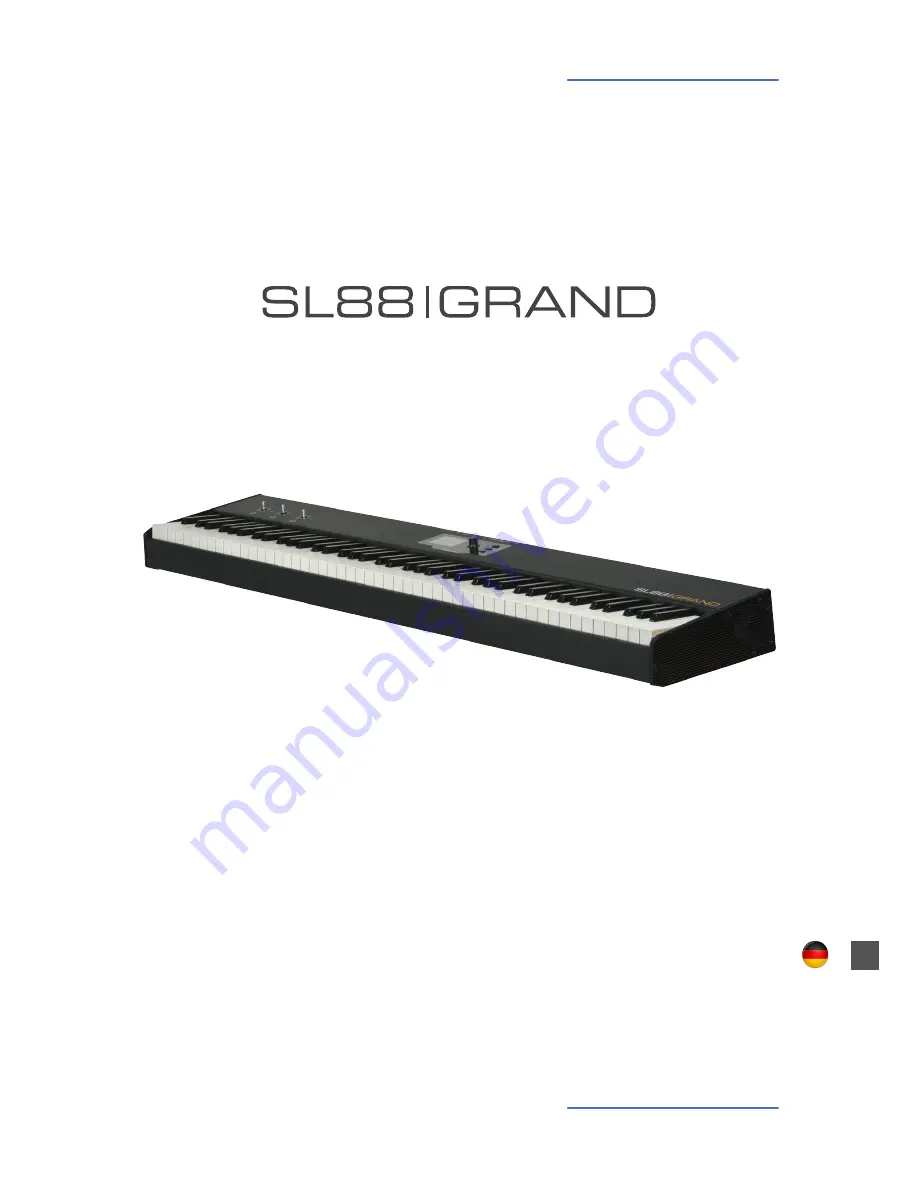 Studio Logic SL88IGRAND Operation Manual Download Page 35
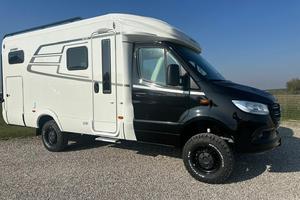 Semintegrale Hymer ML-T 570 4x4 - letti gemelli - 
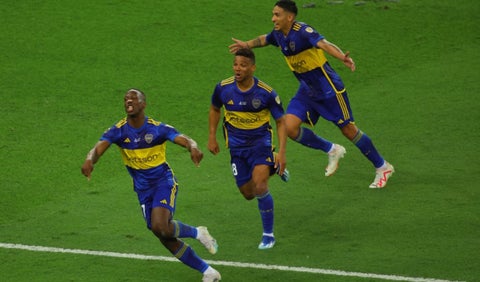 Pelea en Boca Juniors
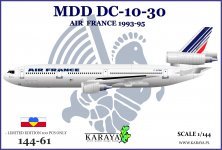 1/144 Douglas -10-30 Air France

******

> _EXERCISE AIM_
Across all the lines above, repeat the wording exactly and omit the pictures.

> _ANSWER SECTION_
 Studio Logic SL88IGRAND Operation Manual Download Page 35
 Semintegrale Hymer ML-T 570 4x4 - letti gemelli - 
 Pelea en Boca Juniors
 1/144 Douglas -10-30 Air France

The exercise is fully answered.